The other indignity of the film occurs as the credits begin to roll. We hear a young child's voice - a voice of innocence - singing "laa... laaah... laah". Maybe it's just me, but I could have sworn the first "la" was an "allah", as the rest are almost. That this might be the film's final word - though readily deniable - is morally ambiguous and unduly provocative. Is a god being invoked or his supposed betrayal being lamented?

When we attend a film in the midst of a war, a film portraying a most key event in the war, we are programmed by historical experience to expect a clear differentiation of good and evil; we expect the film to take a side. While it would take a moral moron not to recognize the unquestionable evil of the murderers' clearly-depicted act, the film's withdrawal from overt dramatization - beyond its subtle, ambiguous, manipulation of a few religious and patriotic symbols - and the absence of background narrative, makes it clear that moral judgment is left largely to the viewer. The film's embrace of realism is disquieting because it is not clear why any artist has the right to suspend frank moral judgment in deference to this reality. The event thus revealed is less that seen by a confident set of American eyes, as it is the perspective of some extra-national agglomeration.

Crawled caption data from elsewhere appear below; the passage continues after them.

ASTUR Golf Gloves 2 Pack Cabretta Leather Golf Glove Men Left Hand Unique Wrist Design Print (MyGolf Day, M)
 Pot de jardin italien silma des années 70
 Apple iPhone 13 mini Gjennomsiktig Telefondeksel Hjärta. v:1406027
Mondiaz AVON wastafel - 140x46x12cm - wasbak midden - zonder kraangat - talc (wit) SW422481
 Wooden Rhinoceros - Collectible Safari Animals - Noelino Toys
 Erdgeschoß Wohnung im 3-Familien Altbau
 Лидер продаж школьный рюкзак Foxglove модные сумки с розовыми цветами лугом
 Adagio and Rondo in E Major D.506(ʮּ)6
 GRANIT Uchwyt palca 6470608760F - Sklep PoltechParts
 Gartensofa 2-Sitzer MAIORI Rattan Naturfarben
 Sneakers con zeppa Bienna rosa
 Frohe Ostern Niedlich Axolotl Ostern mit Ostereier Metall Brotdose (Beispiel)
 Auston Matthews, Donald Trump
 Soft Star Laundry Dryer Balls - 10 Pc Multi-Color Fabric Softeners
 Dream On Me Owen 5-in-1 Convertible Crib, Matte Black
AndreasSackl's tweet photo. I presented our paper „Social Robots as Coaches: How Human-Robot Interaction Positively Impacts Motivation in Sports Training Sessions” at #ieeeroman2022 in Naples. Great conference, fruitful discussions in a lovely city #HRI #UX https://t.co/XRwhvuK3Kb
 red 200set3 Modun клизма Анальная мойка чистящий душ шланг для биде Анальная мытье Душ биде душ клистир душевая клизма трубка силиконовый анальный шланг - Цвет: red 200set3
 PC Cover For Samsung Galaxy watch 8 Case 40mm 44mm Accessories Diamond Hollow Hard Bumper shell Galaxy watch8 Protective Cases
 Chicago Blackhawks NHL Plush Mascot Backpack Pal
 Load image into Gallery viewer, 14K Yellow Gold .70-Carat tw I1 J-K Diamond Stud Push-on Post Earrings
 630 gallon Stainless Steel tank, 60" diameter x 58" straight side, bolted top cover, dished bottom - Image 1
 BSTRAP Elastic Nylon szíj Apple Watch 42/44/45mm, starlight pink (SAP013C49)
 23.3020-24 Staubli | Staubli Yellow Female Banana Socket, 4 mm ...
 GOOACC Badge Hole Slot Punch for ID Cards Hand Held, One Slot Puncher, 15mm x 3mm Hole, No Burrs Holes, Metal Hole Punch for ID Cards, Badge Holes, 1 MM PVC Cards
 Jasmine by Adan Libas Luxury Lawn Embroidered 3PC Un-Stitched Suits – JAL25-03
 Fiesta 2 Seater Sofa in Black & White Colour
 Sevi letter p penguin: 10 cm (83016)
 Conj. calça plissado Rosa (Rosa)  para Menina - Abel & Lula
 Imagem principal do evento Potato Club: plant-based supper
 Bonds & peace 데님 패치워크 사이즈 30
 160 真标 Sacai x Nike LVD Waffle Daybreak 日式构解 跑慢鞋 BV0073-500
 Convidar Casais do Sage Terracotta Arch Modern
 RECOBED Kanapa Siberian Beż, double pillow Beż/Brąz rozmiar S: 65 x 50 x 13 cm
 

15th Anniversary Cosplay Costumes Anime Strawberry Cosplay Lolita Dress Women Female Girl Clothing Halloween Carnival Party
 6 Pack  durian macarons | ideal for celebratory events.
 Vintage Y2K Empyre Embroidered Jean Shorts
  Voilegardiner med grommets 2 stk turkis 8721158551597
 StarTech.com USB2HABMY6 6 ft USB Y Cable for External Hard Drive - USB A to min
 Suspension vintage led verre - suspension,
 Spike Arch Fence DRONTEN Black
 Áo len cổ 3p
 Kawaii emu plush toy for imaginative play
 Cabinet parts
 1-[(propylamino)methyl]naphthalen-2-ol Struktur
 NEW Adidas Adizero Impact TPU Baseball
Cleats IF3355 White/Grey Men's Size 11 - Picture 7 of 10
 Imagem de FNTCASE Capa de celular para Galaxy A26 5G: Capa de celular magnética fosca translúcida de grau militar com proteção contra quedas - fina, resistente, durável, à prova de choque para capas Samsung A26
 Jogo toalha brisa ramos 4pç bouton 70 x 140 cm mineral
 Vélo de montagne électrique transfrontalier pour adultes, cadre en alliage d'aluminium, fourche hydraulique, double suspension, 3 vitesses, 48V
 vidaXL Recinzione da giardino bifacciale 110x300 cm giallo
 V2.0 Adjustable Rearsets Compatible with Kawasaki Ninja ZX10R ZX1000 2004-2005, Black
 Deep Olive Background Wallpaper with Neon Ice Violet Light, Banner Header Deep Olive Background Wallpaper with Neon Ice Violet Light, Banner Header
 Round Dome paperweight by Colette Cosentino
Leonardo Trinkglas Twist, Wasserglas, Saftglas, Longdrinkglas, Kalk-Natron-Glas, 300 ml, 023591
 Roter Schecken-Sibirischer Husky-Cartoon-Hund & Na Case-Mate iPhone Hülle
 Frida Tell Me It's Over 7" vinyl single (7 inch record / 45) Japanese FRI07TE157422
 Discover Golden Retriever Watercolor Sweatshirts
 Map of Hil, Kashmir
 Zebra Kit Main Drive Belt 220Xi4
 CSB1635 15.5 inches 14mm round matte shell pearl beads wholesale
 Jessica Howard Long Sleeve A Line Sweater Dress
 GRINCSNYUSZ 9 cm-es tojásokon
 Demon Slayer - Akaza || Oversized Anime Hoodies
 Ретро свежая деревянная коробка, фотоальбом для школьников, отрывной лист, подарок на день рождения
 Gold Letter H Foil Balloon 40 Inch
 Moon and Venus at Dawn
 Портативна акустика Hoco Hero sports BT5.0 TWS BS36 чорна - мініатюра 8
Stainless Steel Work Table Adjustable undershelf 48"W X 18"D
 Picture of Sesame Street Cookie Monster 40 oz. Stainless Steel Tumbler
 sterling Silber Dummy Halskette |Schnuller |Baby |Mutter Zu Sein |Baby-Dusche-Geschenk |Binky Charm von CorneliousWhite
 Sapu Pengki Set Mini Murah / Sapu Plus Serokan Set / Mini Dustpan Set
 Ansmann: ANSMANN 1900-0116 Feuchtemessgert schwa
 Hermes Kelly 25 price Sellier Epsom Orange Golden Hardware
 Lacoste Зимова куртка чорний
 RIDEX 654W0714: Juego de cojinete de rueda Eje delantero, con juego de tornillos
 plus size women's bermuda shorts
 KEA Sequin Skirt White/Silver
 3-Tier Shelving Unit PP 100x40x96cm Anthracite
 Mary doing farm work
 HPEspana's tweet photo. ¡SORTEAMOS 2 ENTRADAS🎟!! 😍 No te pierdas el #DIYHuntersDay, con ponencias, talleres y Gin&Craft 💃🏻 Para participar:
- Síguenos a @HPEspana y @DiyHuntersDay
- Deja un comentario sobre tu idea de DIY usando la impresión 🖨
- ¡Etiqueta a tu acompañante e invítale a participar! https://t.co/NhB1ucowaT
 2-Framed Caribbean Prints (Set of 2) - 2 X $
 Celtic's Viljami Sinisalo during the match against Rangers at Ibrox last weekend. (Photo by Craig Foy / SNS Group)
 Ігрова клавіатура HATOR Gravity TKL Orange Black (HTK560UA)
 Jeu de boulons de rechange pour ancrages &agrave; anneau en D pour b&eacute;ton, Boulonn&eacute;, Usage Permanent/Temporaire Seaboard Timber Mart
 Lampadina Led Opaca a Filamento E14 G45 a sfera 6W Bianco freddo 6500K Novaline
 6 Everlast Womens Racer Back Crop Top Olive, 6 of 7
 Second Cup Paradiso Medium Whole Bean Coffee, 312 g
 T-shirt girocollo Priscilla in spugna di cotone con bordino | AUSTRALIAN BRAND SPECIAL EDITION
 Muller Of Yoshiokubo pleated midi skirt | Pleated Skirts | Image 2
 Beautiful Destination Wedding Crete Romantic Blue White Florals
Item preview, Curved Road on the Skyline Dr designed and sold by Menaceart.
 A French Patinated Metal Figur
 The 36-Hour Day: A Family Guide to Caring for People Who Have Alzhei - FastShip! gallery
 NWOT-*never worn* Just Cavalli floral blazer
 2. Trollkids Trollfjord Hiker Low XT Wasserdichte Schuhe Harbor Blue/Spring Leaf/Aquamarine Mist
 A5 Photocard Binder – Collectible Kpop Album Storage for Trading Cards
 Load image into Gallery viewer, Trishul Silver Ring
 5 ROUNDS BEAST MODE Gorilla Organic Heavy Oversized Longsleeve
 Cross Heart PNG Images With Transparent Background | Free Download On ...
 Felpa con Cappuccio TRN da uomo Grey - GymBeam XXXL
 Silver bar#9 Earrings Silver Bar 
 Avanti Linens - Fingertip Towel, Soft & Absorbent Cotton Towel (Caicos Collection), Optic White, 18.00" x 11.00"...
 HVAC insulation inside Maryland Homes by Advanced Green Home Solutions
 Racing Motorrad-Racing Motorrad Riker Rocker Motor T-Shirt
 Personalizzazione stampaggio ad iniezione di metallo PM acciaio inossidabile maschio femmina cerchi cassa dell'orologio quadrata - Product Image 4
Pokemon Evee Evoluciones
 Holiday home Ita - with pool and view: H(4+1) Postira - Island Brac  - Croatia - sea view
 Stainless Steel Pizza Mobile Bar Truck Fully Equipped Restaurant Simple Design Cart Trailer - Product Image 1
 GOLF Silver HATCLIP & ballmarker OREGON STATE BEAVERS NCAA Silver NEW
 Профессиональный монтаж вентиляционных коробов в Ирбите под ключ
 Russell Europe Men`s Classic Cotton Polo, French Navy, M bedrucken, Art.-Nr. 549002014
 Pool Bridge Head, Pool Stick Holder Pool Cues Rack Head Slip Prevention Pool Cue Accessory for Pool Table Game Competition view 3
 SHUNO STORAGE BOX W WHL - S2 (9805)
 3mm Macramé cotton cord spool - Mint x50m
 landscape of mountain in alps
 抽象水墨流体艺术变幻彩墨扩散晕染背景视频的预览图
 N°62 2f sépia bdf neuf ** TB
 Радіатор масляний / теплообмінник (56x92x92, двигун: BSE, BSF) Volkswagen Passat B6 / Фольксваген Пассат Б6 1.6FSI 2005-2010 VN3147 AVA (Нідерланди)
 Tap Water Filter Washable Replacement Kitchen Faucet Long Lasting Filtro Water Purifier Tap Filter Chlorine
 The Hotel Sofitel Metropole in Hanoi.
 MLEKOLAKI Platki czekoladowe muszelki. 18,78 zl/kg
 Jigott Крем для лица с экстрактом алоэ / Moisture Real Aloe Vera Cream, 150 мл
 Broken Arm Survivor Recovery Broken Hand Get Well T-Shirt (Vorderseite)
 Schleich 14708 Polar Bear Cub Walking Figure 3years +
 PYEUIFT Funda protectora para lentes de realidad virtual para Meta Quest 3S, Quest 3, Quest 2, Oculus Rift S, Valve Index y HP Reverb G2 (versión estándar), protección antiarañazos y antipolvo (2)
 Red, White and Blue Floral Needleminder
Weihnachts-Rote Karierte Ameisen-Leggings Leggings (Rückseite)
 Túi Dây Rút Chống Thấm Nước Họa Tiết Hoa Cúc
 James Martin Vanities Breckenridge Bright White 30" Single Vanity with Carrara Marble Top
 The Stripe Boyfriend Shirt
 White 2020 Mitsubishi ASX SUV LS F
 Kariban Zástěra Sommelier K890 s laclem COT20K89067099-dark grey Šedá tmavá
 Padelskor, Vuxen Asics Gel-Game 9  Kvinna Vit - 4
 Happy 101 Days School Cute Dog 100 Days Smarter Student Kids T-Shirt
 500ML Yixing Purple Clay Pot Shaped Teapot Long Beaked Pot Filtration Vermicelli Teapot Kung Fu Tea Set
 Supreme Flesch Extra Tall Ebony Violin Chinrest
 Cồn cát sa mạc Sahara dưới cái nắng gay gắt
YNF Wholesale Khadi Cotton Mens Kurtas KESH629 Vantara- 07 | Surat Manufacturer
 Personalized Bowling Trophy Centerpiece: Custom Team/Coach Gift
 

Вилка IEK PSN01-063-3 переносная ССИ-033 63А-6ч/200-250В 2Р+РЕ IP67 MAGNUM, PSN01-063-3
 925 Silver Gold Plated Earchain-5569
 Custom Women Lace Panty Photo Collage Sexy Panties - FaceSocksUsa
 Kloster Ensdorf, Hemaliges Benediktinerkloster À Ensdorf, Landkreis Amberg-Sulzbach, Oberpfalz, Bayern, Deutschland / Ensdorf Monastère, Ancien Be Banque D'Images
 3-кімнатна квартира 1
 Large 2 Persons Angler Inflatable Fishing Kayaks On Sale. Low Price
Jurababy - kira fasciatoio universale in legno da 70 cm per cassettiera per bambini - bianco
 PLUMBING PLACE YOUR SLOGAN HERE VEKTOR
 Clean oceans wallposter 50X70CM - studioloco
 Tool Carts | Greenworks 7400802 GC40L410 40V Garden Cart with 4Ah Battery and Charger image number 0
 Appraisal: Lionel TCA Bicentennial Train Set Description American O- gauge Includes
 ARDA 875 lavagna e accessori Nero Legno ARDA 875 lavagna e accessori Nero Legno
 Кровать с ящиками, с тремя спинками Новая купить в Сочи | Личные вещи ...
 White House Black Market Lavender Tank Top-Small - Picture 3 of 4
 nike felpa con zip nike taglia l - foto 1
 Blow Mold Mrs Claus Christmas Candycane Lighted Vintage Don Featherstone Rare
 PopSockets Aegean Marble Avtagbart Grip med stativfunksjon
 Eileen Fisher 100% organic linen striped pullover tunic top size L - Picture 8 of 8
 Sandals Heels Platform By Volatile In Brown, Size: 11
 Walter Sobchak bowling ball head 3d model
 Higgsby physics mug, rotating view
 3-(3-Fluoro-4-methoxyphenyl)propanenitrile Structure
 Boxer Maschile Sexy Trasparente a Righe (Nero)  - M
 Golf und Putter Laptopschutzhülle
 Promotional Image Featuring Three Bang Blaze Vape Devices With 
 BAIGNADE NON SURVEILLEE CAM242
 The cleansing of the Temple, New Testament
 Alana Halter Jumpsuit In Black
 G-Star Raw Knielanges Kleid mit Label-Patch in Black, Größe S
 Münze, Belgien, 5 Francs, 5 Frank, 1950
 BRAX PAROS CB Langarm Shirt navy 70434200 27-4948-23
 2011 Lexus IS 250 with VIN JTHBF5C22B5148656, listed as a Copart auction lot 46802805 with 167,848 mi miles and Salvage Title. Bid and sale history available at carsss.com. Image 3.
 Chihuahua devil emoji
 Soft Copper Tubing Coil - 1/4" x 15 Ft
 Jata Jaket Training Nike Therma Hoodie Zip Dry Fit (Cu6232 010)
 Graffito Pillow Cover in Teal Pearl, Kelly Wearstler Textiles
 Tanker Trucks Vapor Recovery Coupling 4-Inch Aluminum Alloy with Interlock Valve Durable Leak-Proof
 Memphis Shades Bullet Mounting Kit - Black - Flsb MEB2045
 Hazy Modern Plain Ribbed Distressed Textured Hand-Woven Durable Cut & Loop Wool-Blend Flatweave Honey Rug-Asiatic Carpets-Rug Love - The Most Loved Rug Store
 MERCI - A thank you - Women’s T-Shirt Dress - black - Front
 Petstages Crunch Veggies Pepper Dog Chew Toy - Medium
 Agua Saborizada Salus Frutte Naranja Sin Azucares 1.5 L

In discussing another film, Saving Private Ryan, Eric Gans makes one of his characteristically brilliant observations, about realism:
The notion of realism is the most tantalizingly difficult of all esthetic ideas. All representation is revelatory; it can do no other than claim to show its object "as it really is." An esthetic can only claim not to be realistic when, as with modernism, a prior mode named "Realism" exists against which it can define its own truth. Thus we may begin by understanding realism, not as a specific historical movement, but as the claim that a given representation is "more real" than previous ones. Realism in this sense is a universal function of the historicity of the human, the necessarily "progressive" nature of culture that stands in tension with the necessary "decadence" of its ritualized traditions... A novel or a film appears realistic precisely to the extent that it makes earlier novels and films appear unrealistic. This process requires the unanticipated and revelatory foregrounding of some new element that "thickens" narration, at the same time deferring its end and intensifying its effect. High-cultural realism tends more toward the former pole, popular realism to the latter; in the first case, the detail nuances the violence of the narrative conclusion; in the second, it intensifies it.
In depicting the murderers as well-dressed, neat, pious and devoted to their faith and the heinous act it ostensibly calls on them to perform, to the point that they are willing to lay down their own lives, the film's realism leaves open the possibility - for the legions of moral morons that we know are out there - to see nuance in the film's deferral of its violent conclusion, even as the film's realism also intensifies its unmistakably violent effect on the viewer. This blurring of Gans' distinction of traditional high and popular esthetics is in part possible because we live in an age where we have been trained by a form of realism to defer our judgment as to evident good and evil, at the behest of a culture of expertise and those who profess special knowledge of deeper realities (of subjects like terrorism) and their ostensible "root causes" unknown to most of us unless we engage in serious studies. There remains some question that we, broad-minded and realistic westerners, might see the murderers as tragically mistaken young men who could have become heroes if their committment to faith had been otherwise trained; in any case, the film's appeal to reality does not make us confident that we can simply demonize them as the bad guys and take from the film a commitment to the simple martial truths of the popular narrative.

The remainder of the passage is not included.